Photographie : Léa Ciari

 

***

 

   Mais qui donc pourrait sérieusement dire que l’Autre n’est nullement mystère, étrangeté et ceci même dans la plus verticale des énigmes qui se puisse imaginer ? Pensez à l’une de ces contrées éloignées, à la densité d’une illisible forêt pluviale ; pensez à ces vastes steppes où rien ne se distingue de rien ; pensez à ces vastes archipels océaniques, à leur scintillement infini de minuscules ilots et vous aurez une idée assez exacte de cette « essence sauvage » que sont Celui-Celle-qui-vous-font-face, comme si vous aviez une charade à la forme cryptée, un rébus ne dévoilant pas la phrase complète que vous recherchez, un cruel Jeu de l’Oie dont vous ne connaîtriez que les sombres geôles, les puits vertigineux, les arches des ponts sous lesquelles vous attendriez qu’une âme charitable vînt enfin vous délivrer de vos arbustives angoisses. L’Autre est toujours, par définition, le Tout Autre, l’absolue extravagance et il s’en faudrait de peu que vous ne l’halluciniez à la manière du Néant lui-même. Mais avouez-le, le Néant vous attire et nous ne résistez à son aimantation qu’à vouloir, encore une fois, éprouver le frisson de l’exister : « Bourreau, une minute s’il te plaît ! ».

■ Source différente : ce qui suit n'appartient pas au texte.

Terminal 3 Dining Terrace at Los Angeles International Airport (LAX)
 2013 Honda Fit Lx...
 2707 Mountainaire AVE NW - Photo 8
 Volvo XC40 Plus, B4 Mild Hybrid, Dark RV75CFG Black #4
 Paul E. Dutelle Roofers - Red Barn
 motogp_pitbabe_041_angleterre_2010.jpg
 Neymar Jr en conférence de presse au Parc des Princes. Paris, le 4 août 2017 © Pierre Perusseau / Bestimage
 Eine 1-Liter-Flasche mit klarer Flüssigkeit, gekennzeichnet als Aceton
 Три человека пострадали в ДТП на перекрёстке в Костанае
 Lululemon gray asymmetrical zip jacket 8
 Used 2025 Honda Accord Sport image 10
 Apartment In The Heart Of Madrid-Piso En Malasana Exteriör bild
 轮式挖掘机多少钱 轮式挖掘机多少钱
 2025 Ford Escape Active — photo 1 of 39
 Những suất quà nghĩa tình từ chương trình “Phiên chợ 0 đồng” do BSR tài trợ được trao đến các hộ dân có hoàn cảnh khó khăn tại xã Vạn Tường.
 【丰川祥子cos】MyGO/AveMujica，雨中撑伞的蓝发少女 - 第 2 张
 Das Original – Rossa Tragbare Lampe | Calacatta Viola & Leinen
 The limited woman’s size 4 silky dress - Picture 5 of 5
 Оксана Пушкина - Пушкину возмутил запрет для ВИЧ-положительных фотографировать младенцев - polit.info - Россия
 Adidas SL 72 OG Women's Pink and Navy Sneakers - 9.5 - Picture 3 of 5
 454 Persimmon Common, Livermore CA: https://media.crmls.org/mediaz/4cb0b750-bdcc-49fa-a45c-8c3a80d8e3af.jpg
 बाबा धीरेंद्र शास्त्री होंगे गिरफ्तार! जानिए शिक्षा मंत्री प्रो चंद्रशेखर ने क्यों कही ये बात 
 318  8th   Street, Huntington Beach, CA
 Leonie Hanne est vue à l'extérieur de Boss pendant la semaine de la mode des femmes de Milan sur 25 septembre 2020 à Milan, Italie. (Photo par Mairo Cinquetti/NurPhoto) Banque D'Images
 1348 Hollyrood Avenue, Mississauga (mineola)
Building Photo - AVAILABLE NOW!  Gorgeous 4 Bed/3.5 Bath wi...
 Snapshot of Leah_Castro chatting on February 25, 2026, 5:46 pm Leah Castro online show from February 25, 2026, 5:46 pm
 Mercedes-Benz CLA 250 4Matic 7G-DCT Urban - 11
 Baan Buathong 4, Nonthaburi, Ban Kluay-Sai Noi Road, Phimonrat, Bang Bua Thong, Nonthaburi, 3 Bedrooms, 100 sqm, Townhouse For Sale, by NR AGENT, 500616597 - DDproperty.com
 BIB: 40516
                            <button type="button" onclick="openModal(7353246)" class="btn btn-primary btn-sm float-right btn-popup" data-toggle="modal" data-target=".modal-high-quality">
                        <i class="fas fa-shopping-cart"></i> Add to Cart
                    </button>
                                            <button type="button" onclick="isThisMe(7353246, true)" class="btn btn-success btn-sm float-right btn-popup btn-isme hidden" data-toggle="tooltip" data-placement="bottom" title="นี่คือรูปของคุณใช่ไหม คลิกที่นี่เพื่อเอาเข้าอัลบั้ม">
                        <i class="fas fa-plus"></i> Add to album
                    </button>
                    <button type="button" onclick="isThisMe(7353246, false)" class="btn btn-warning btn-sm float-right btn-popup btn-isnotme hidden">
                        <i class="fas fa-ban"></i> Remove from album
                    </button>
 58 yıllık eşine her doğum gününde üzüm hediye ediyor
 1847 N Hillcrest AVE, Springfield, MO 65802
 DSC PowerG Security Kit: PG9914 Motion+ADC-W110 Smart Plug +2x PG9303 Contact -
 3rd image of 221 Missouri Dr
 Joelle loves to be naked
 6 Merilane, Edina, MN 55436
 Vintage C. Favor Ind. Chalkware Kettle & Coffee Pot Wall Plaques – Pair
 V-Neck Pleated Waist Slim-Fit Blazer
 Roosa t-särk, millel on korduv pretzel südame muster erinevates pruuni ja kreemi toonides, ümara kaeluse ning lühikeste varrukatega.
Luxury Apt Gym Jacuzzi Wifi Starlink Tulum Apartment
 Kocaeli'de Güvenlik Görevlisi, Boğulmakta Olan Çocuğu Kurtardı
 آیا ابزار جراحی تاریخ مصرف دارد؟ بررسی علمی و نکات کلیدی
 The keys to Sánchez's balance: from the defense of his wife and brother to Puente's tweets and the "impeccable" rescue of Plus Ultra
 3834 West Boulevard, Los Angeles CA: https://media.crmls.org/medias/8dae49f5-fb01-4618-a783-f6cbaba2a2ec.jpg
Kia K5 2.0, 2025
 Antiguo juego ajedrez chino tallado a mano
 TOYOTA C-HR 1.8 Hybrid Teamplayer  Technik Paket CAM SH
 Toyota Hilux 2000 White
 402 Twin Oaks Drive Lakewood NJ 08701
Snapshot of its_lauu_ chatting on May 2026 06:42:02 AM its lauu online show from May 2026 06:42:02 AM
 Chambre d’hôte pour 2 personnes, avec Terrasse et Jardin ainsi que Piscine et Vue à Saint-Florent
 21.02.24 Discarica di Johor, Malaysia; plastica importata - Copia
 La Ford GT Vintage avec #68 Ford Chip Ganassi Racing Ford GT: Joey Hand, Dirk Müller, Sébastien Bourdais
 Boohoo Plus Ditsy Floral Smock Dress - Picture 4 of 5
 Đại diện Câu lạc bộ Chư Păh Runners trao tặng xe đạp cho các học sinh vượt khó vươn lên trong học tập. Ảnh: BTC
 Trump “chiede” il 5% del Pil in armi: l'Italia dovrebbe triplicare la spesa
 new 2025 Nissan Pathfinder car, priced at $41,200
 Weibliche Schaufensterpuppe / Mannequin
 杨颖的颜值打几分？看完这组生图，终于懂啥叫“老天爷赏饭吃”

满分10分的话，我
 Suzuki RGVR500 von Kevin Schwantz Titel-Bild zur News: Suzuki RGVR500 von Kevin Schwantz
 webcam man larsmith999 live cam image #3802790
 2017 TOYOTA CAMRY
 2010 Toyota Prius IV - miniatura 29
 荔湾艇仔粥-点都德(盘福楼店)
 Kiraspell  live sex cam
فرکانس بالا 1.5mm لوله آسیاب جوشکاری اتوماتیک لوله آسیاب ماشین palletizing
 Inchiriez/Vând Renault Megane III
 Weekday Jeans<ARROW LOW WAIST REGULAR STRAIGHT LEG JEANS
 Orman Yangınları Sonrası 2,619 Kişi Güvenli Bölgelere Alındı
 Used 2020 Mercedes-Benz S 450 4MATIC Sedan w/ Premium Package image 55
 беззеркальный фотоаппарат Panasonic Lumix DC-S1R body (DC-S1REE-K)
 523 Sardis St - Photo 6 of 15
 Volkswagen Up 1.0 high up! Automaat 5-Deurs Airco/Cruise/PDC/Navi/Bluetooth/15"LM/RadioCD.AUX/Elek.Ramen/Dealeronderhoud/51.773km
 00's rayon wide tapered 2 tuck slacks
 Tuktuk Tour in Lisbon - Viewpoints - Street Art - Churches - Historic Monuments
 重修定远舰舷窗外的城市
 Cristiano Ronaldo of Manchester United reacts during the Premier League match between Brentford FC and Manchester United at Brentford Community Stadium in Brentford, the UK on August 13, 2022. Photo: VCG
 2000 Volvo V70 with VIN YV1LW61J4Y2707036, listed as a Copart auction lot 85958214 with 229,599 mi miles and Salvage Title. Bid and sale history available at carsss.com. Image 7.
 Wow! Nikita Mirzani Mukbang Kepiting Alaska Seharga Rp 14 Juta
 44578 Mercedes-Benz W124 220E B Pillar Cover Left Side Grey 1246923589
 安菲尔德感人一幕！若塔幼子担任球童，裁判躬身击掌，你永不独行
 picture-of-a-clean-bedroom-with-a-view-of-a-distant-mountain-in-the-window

   Disons, c’est un matin d’automne avec son cortège de pluie et son fin brouillard. C’est pareil à un écran dépoli sur lequel vous projetteriez vos fantasmes, allumeriez le feu assourdi de vos désirs, lanceriez la fronde de vos projets les plus fous et, aussi bien, ceux qui, avortés avant même d’être nés, vous reconduiraient dans une espèce de bogue à l’abri de laquelle vous végéteriez infiniment. Alors vos idées auraient la consistance du coton et de l’étoupe, la rugosité de la tunique de la chrysalide, tout à la fois une stimulation, tout à la fois un frein. Impression de penser à vif que l’instant d’après métamorphoserait en une sorte de langoureuse léthargie identique à celle que vous éprouviez, inconscient de-qui-vous-étiez, dans la touffeur prénatale de votre liquide amniotique. Un genre de rêve éveillé avec de soudaines fulgurations suivies de lignes obscures, de zébrures instinctives si proches de l’amorphe et de l’indéterminé de l’arc réflexe, une pure décharge biologique sans substrat de conscience. Une pensée « animale » si vous voulez. Une pensée de rhizome et de racine. Car, oui, il vous faut régresser jusqu’à cette posture pulsionnelle, irréfléchie, de manière à entrer en contact avec cette image à peine sortie de son bain révélateur, un essai de mince profération sur l’étroite meurtrière du Monde.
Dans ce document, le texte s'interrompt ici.